Data section:
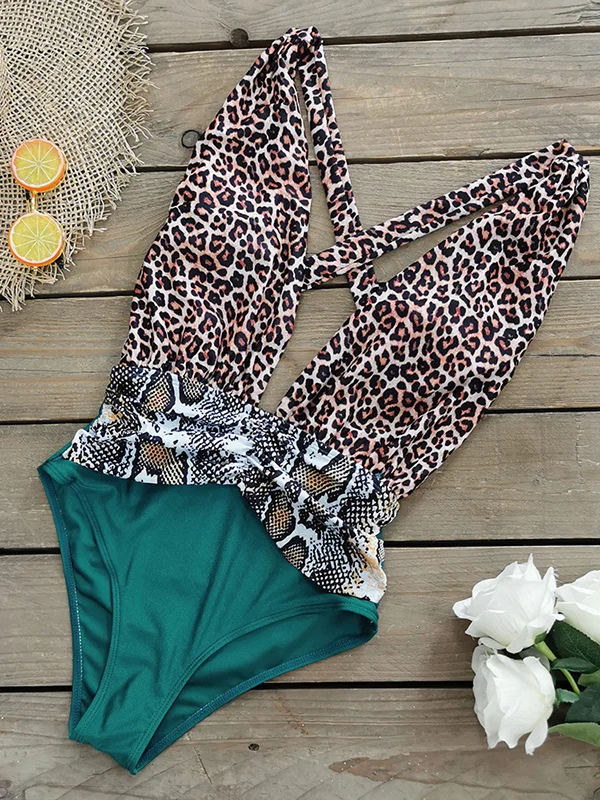 Padded Backless Hollow Leopard&Snakeskin One-Piece Swimwear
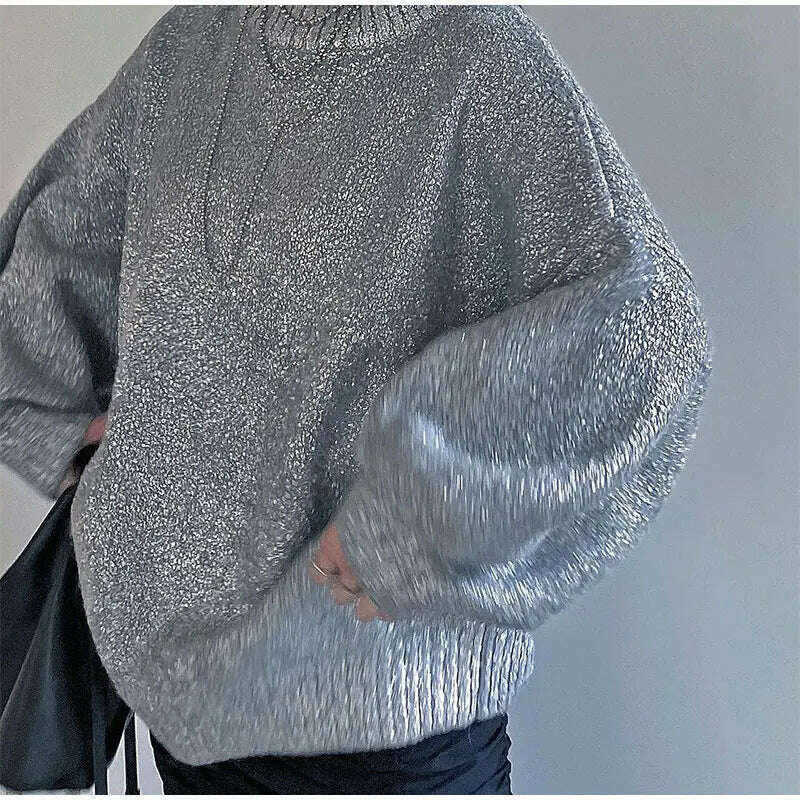 KIMLUD, Metallic Solid O Neck Sweater For Women Vintage Loose Long Sleeve Shinny Pullover 2023 Autumn Female Fashion Street Chic Jumper, Silver / S, KIMLUD APPAREL - Womens Clothes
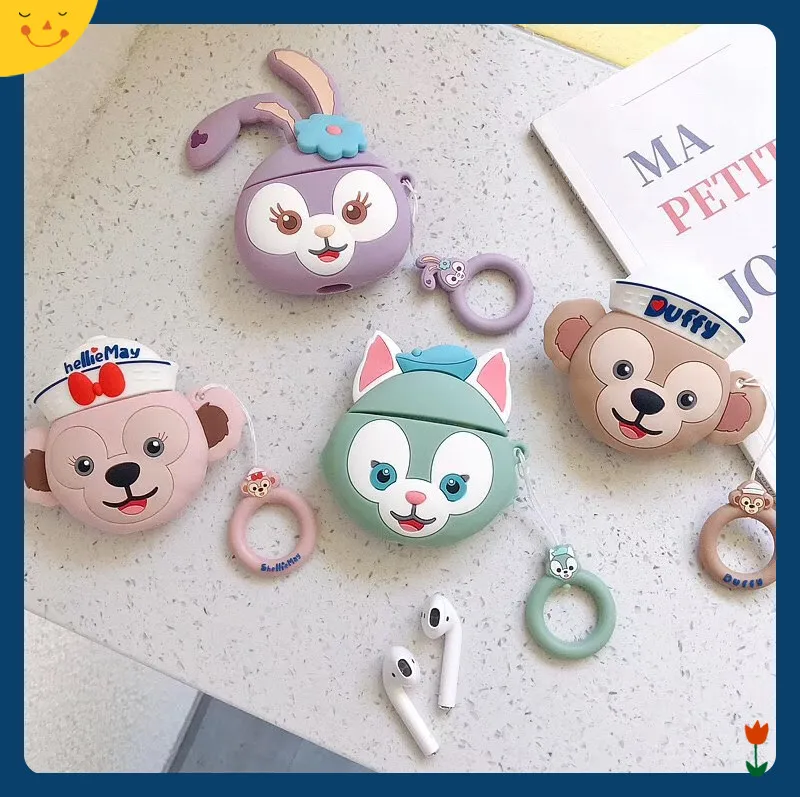 

Cute Cartoon Duffy ShellieMay StellaLou Bluetooth Earphone Protective Case for Airpods 2 Cute Finger Ring Strap Silicone Cover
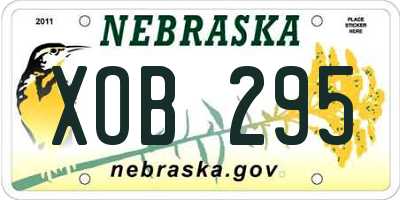 NE license plate XOB295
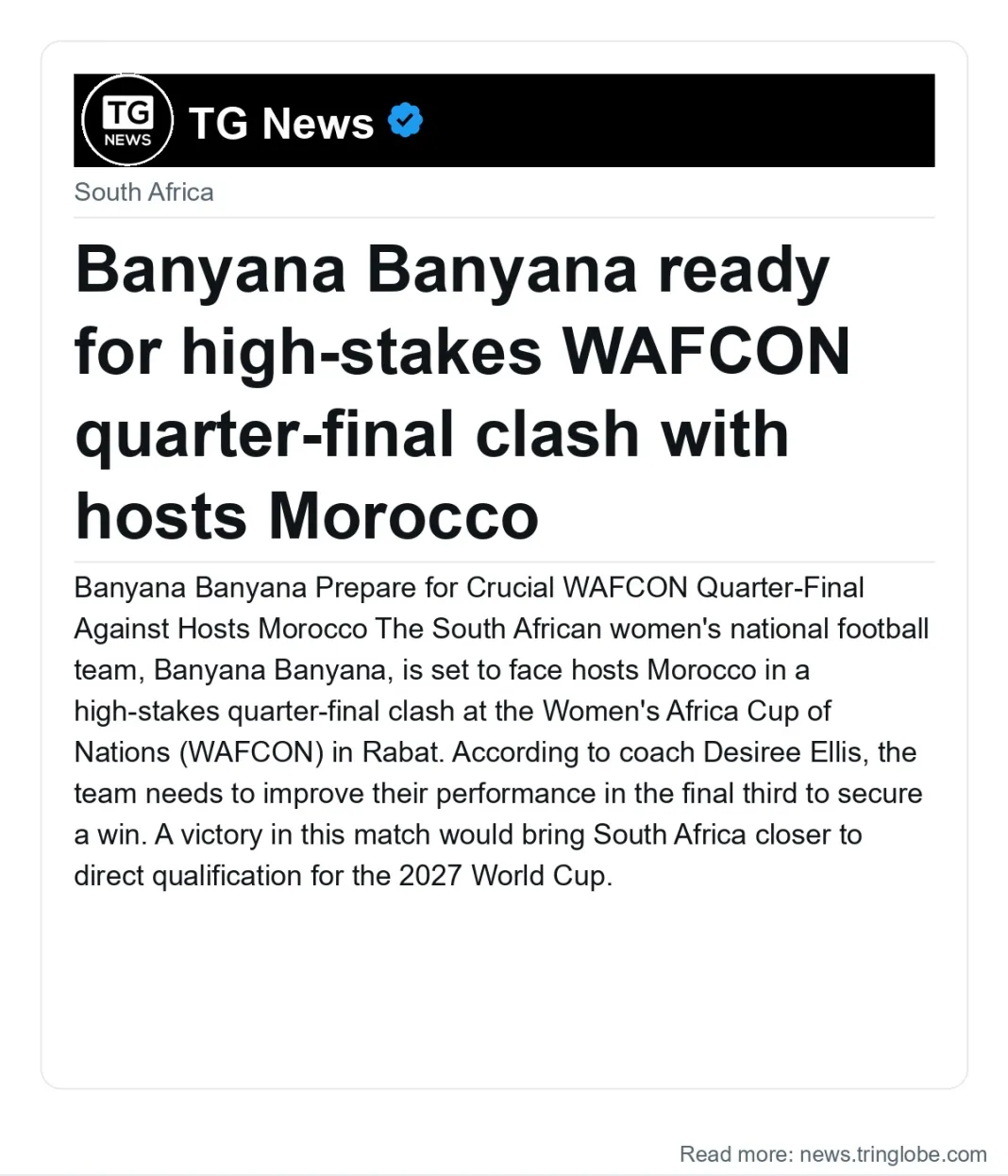 Banyana Banyana ready for high-stakes WAFCON quarter-final clash with hosts Morocco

Activity: For this exercise, retype exactly, and only, the lines from the line with "Cute Cartoon Duffy" through the last line of the material above, both included. Pictures stay out.

Result below:
Cute Cartoon Duffy ShellieMay StellaLou Bluetooth Earphone Protective Case for Airpods 2 Cute Finger Ring Strap Silicone Cover
 NE license plate XOB295
 Banyana Banyana ready for high-stakes WAFCON quarter-final clash with hosts Morocco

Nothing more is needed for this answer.